Peut-être parce que la répétition incessante des crimes de masse a atténué tout simplement la portée et le sens de la compassion en lui retirant toute efficience. Ou plus encore, peut-être parce que la répétition incessante du mal (sous toutes ses formes) a tout simplement anéanti la possibilité même de ressentir de la compassion, pulvérisée par la surcharge, i.e. par les trop innombrables victimes, toutes justifiées à gagner notre compassion.

Ensuite, et comme l’écrivait Paul Ricoeur, « on dirait que le problème du mal représente à la fois la plus considérable provocation à penser et l’invitation la plus sournoise à déraisonner[39] ».
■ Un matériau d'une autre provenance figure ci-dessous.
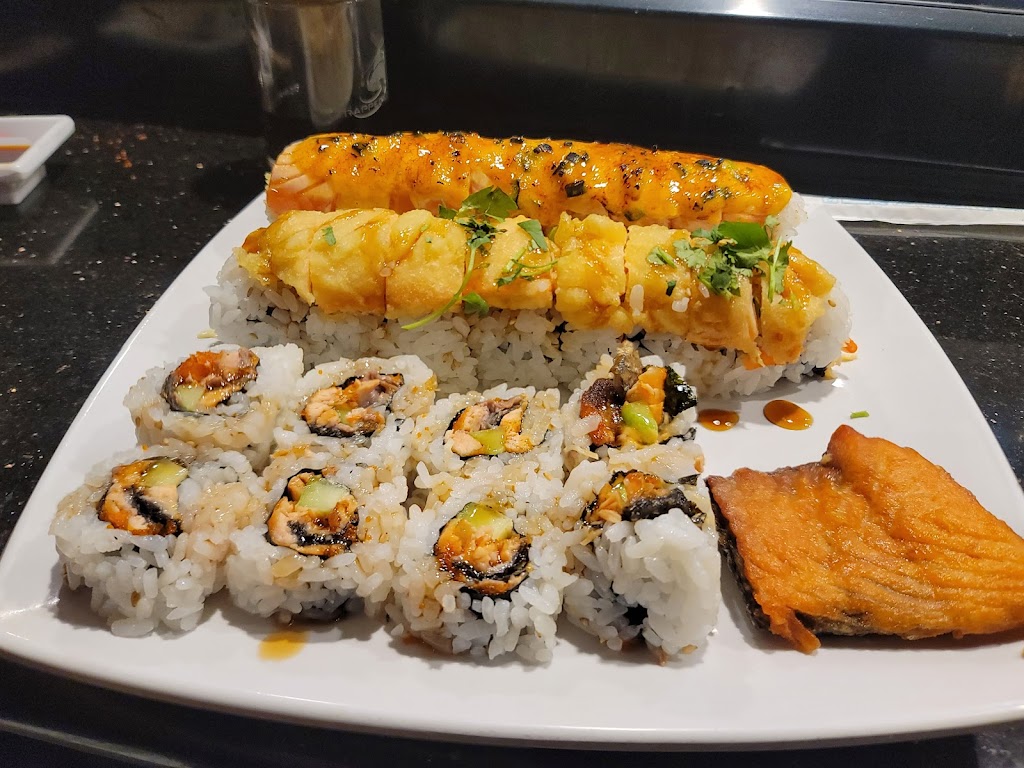 Trappers Sushi - Covington | 16908 SE 269th Pl J110, Covington, WA 98042 | Phone: (253) 277-0926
Aussi, le mal nous invite à ne pas renoncer, même et surtout, quand s’épuise toute possibilité d’un engagement qui soit présence à l’Autre, quand il y a manquement « à la solidarité absolue qui nous lie à tout être humain comme tel[40] ». Le mal, avec le « pourquoi ? », nous oblige à reconsidérer notre responsabilité.

Bien que n’étant pas l’acteur du mal réalisé, je suis quand même responsable, responsable du mal commis, responsable de la souffrance vécue. Responsable de ces petits et grands manquements moraux qui font le sel des grandes injustices sociales et morales : la passivité, le conformisme, l’acceptation des injonctions contemporaines à la performance, le désintérêt pour les affaires publiques… Responsable des petits et grands manquements moraux qui sont autant d’encouragement à l’instrumentalisation et à l’effacement de l’Autre homme ; et autant d’encouragement à une illusoire compassion, qui n’est in fine que culpabilité pour notre faiblesse.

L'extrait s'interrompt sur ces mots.